With pictures left out, output exactly the lines of the listing below from the line that has "Balle De Ping" to the line that has "Tablette de chocolat", both lines kept.

MATERIAL SUPPLIED:
----------

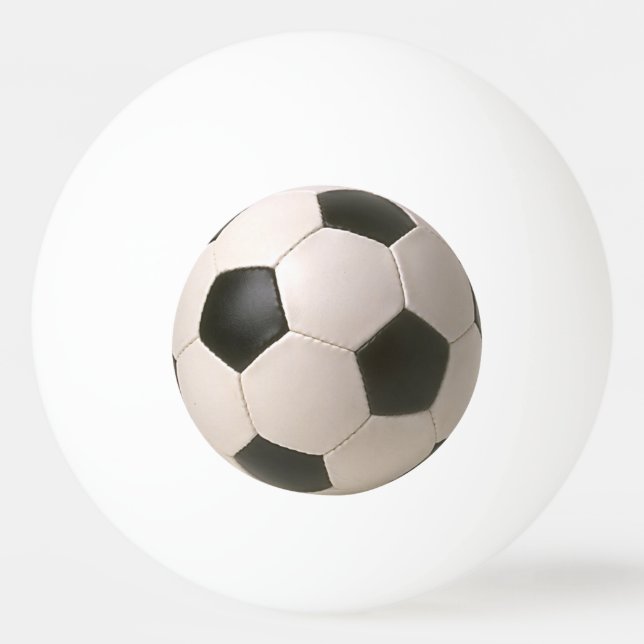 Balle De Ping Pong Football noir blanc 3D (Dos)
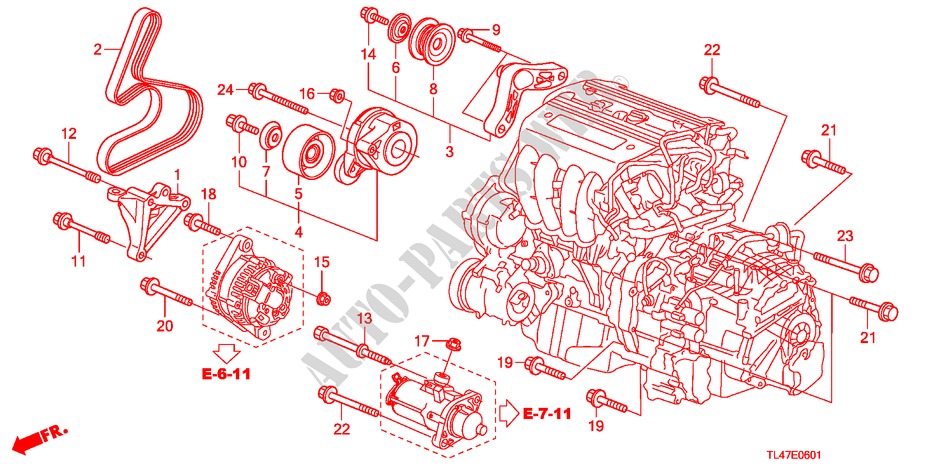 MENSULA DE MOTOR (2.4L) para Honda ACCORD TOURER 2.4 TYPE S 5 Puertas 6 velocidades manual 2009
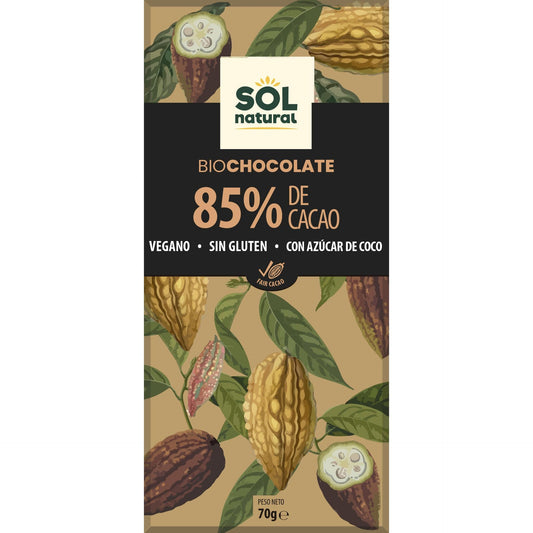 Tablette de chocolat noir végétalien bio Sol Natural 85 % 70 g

----------

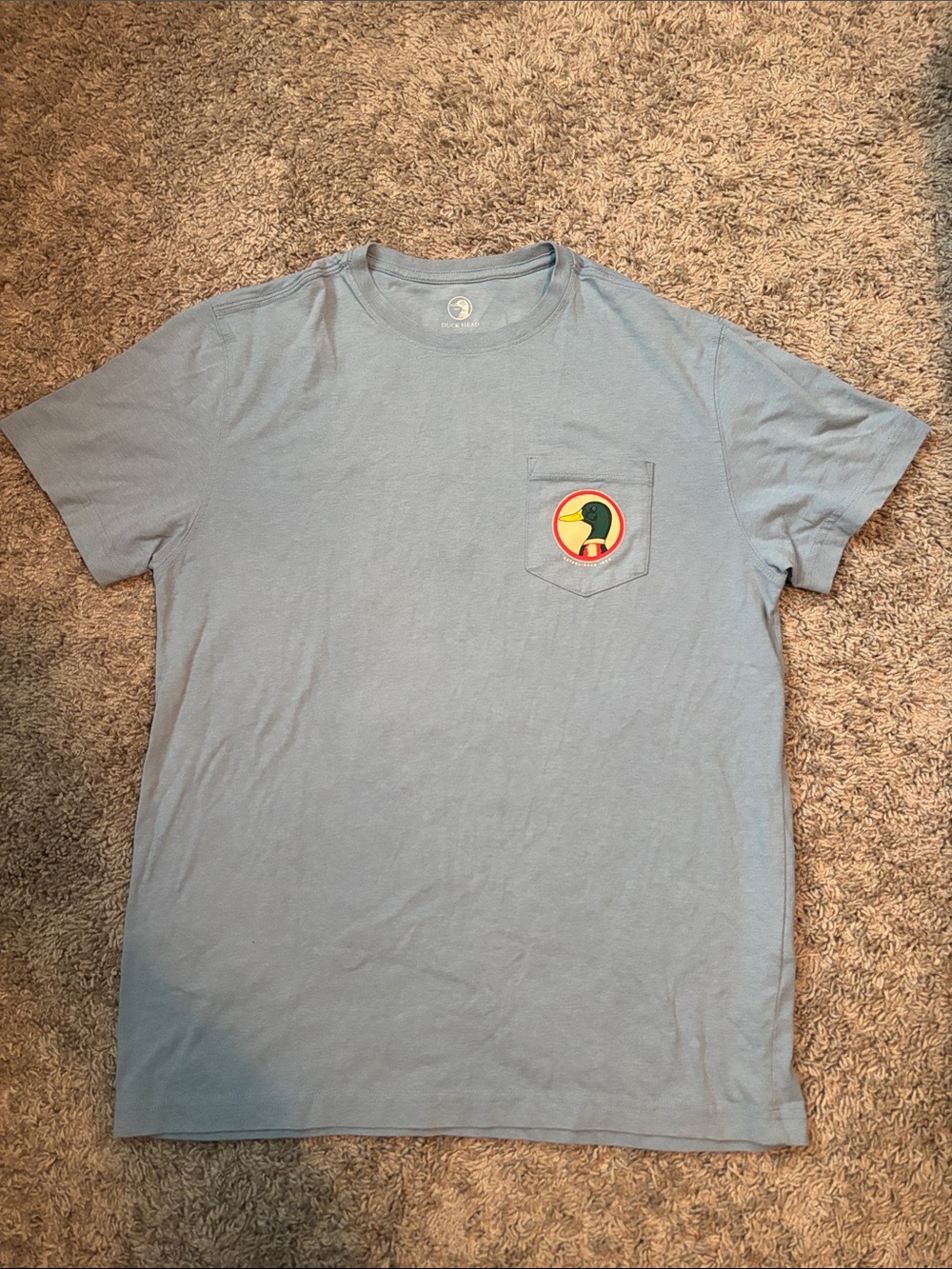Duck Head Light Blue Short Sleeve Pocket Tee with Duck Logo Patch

----------

COMPLETED EXERCISE:
 Balle De Ping Pong Football noir blanc 3D (Dos)
 MENSULA DE MOTOR (2.4L) para Honda ACCORD TOURER 2.4 TYPE S 5 Puertas 6 velocidades manual 2009
 Tablette de chocolat noir végétalien bio Sol Natural 85 % 70 g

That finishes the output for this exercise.